What Queer Couples Can Teach Everyone About Communication
It's easy to idealize queer relationships, hence the many straight women who lament the fact that they "wish they were a lesbian" after a relationship goes south. The reality is that queer couples face a lot of uniquely difficult challenges. But there is one aspect in which queer relationships typically shine above the rest, and that's communication.
From the moment queer people first enter into a relationship with one another, we're practically forced to discuss our relationship expectations. Queer people can't fall back on society's default scripts for romance, because queerness is inherently "an act of subversion," explains Danna Bodenheimer, DSW, founder and director of the LGBTQ-focused Walnut Psychotherapy Center in Philadelphia.

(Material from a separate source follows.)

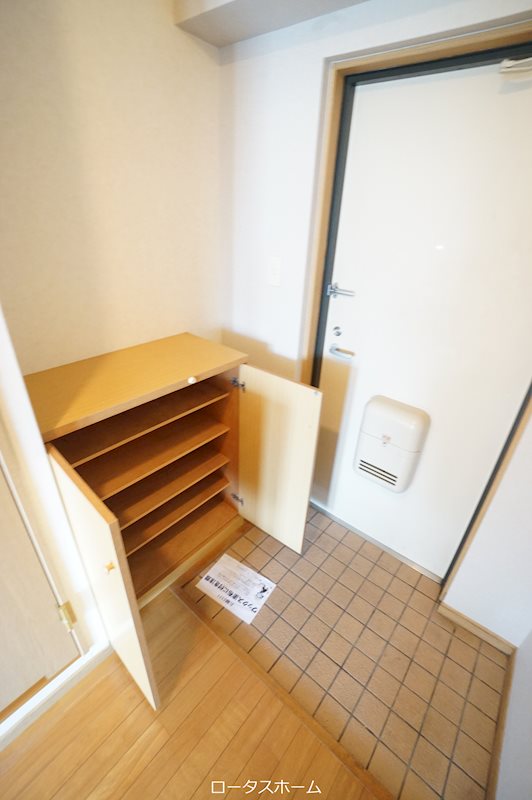 鹿児島県霧島市国分中央３丁目12－8－1 玄関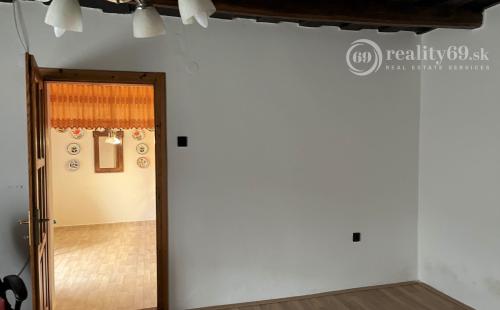 MAĎARSKO - PÁNYOK RODINNÝ DOM PO ČIASTOČNEJ REKONŠTRUKCII S GARÁŽOU LEN 5 KM OD SLOVENSKEJ HRANICE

That means we have to communicate instead.
Those early conversations set the stage for honesty and smoother conflict resolution later on in the relationship, says Kenya Crawford, a mental health counselor, researcher, and consultant who focuses on LGBTQ people of color in New York City.
As you may have heard a million times, communication is the backbone of health for all relationships, regardless of who's involved. So, what lessons can you learn from queer couples about how to communicate effectively with your partner? Bodenheimer and Crawford weighed in.
Don't make assumptions.
People often enter cisheterosexual relationships with all sorts of assumptions about their partner, from who will pay for the first date to who will initiate sex most often. When both partners fit neatly into traditional gender roles, it's easy to assume each other's expectations and avoid actually talking about anything.
But for queer couples, there are far fewer assumptions, and that's ultimately a benefit. It certainly feels comfortable to follow a script, but people are complex, and assumptions frequently lead to misunderstandings. How do you know if you're on the same page if you never even discuss certain topics out loud?
"Queer couples are often required to discuss sex, money, and religion in ways that their heterosexual counterparts don't typically have to," Bodenheimer tells mbg. For queer couples, "without gender norms as a typical and often reductive compass, the actual personality, strengths, and idiosyncrasies of each partner come together to form values and structure" instead, Bodenheimer says.
Whether you're queer or not, making a habit of having these conversations instead of making assumptions can strengthen your relationship from the get-go and make sure everyone's real desires are being met. Your partner is an individual, and you never really know what their needs and preferences are until you ask.
Build trust and security early on.
According to research by John Gottman and Julie Schwartz Gottman, gay and lesbian couples are more positive and upbeat when they resolve conflict as compared to straight couples. Queer couples use more affection and humor, don't take things quite as personally, and use fewer hostile tactics during arguments.
This more pleasant approach to conflict resolution may be rooted in the conversations that many queer couples have about sex, money, and other tricky topics early on. Those conversations can be really uncomfortable at first, so they're excellent practice for learning to navigate difficulty early on and building a foundation of trust and security.
"Once there's already that security and trust that we can have these really tough, difficult conversations, it allows for conflict resolution to show up more smoothly than it would in other partnerships where that security and trust isn't established," Crawford says.
She recommends all couples take time to have these conversations as early on as possible. "It's really important to explore: What does someone need to feel safe and secure in the partnership? What does accountability look like, and how do we repair harm if it's done in the partnership?"
When it comes to relationship pacing, living arrangements, monogamy, and marriage, there are no right or wrong answers. There's only what works for you both as a couple.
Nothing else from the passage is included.